The first question comes from Brian Lee.
I know you guys are not in the practice of providing specific margin and ASP guidance anymore. But just given the fluctuations in the pricing environment, can you give us a sense of pricing? It seems like it's down to the low to mid-teens here, ASP per watt if we exclude the wafer and the cell revenue in the quarter. Should we expect more ASP degradation in modules embedded in the Q2 guide? And then what's the sort of margin cadence you expect off the results here in Q1? Should we expect Q2 to be up, down, or flat? And then maybe back half views as well if there's more of a recovery there?
Yes, back to your questions. The module price is down in the recent three quarters, and that's a fact. We have different ratings, different arrangements, long-term versus short-term. If you are talking about Q2, the ASP on average it's down a little bit. But the most important thing is we are improving the cost and trying our best. At the same time, we are adopting relatively new technology materials. On top of that, we are ramping up our focus on the Shanxi Super factory, which we expect to be fully operational in the second half of the year. And for the gross margin and profitability, we strongly believe that the first half of this year has reached the bottom. For Q2, we expect the gross margin to be relatively stable compared to Q1. In the second half of the year, we expect more shipments, particularly in the United States and Europe, which will help the gross margin. The industry is suffering from competitive pricing pressures, particularly for price, and we expect Tier 2 and Tier 3 capacities which are not technology-competitive will be phased out throughout this year, which may help the overall supply versus demand situation, particularly in the second half of the year.

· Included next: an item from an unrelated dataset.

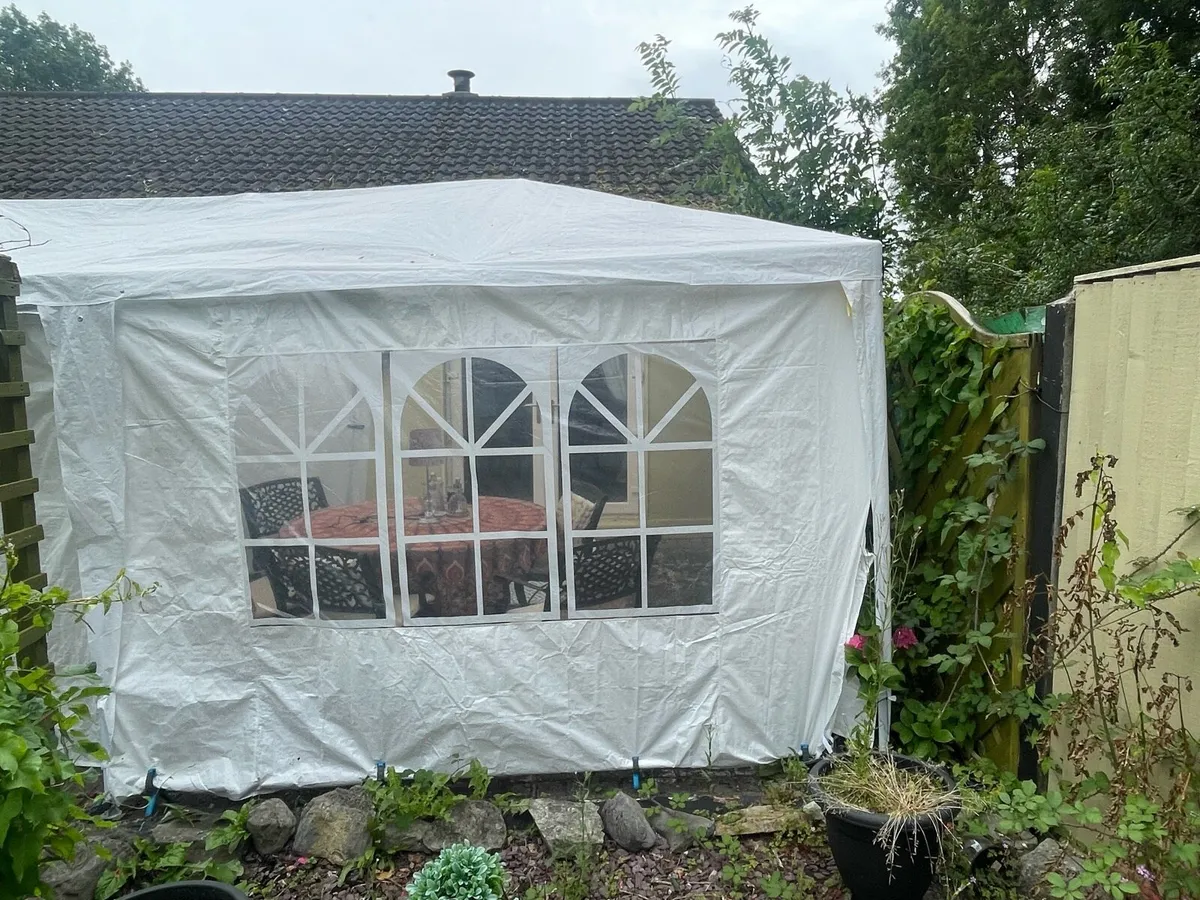 Garden Party Tent - Image 1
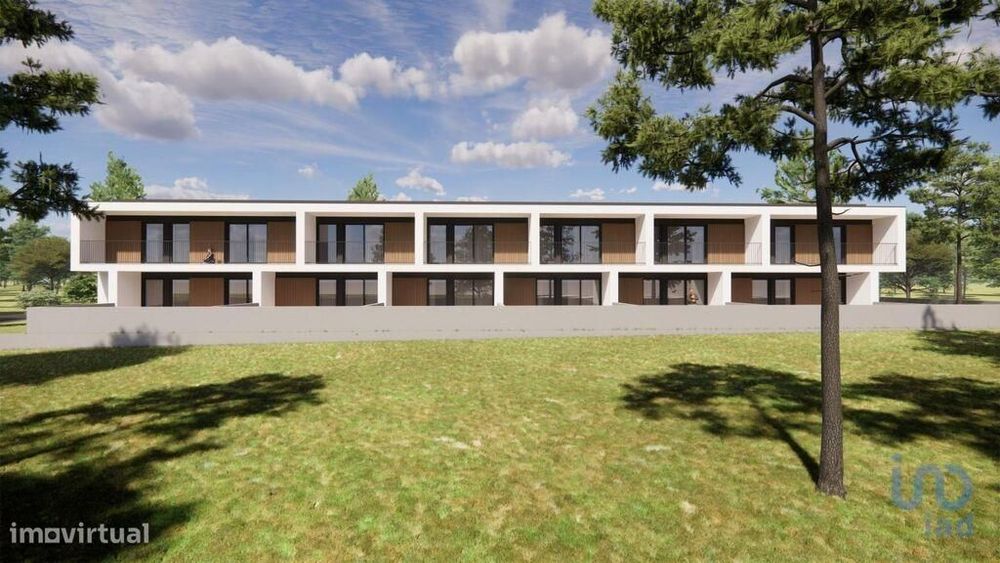 Apartamento em Mazedo e Cortes de 44,00 m2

Okay, that's helpful. So if I summarize, it sounds like ASPs are down a little bit more into Q2, and then margins stable in Q2 compared to Q1. Are you actually seeing quoting activity? Or what's the outlook for pricing? I know you said shipment volumes and mix improved in the back half, but how about like-for-like ASPs? Are you actually seeing that? You mentioned 70% of your 2024 is already covered in the backlog; it sounds like. What's the pricing dynamic you're seeing in the second half versus Q1 and Q2 where pricing is still going down?
Yes, for pricing, we believe it will continue to follow the market, which we believe is already reaching the rock bottom. The industry, especially the leading cost structures, shows that most players are currently facing difficulties. However, once the cost structure starts to improve and align with the ASPs, we believe the company and even the whole industry, especially the leading competitive ones, will keep their margin as healthy as possible. I hope that answers your question.
Yes, absolutely. Very helpful. And last one for me. You also mentioned back half of the year; it sounds like you're positive on U.S. volume trends growing for you? I know this is pretty fresh, the inception of this AD/CVD potential investigation that was petitioned last week by some of the U.S. suppliers. I know last fall, you guys were deemed to not have been one of the companies dumping or countervailing, so you weren't subject to any duties. It sounds like this petition is reopening that case potentially. What are your thoughts on the latest trade policy update here given what happened last week? Do you anticipate any customer feedback suggesting there's more uncertainty for you moving through the next few quarters? How are you navigating it?
It's still early to see the results of this upcoming AD/CVD petitions. But definitely, from Jinko's perspective, we still prefer fair trade policies that can benefit not only Jinko itself but also the whole industry, which has been driving the LCOE of the PV energy more competitive, helping the world become greener and reducing its carbon footprint. Trade tariffs or geopolitical issues pose significant challenges. They have increased costs, but we have no choice but to adapt to market needs. We're working diligently with our lawyers and customers to identify the best solutions for the U.S. market. Right now, I must say it's too early to predict the pros and cons of this situation, and we may need another three to six months to gauge the upside and downside.
Okay, fair enough. Last one housekeeping for Charlie. What was D&A in the quarter? What was CapEx in the quarter? Also, could you let us know what the percent of sales in the U.S. this quarter was and what the U.S. ASP range was, dollar cents per watt in the quarter?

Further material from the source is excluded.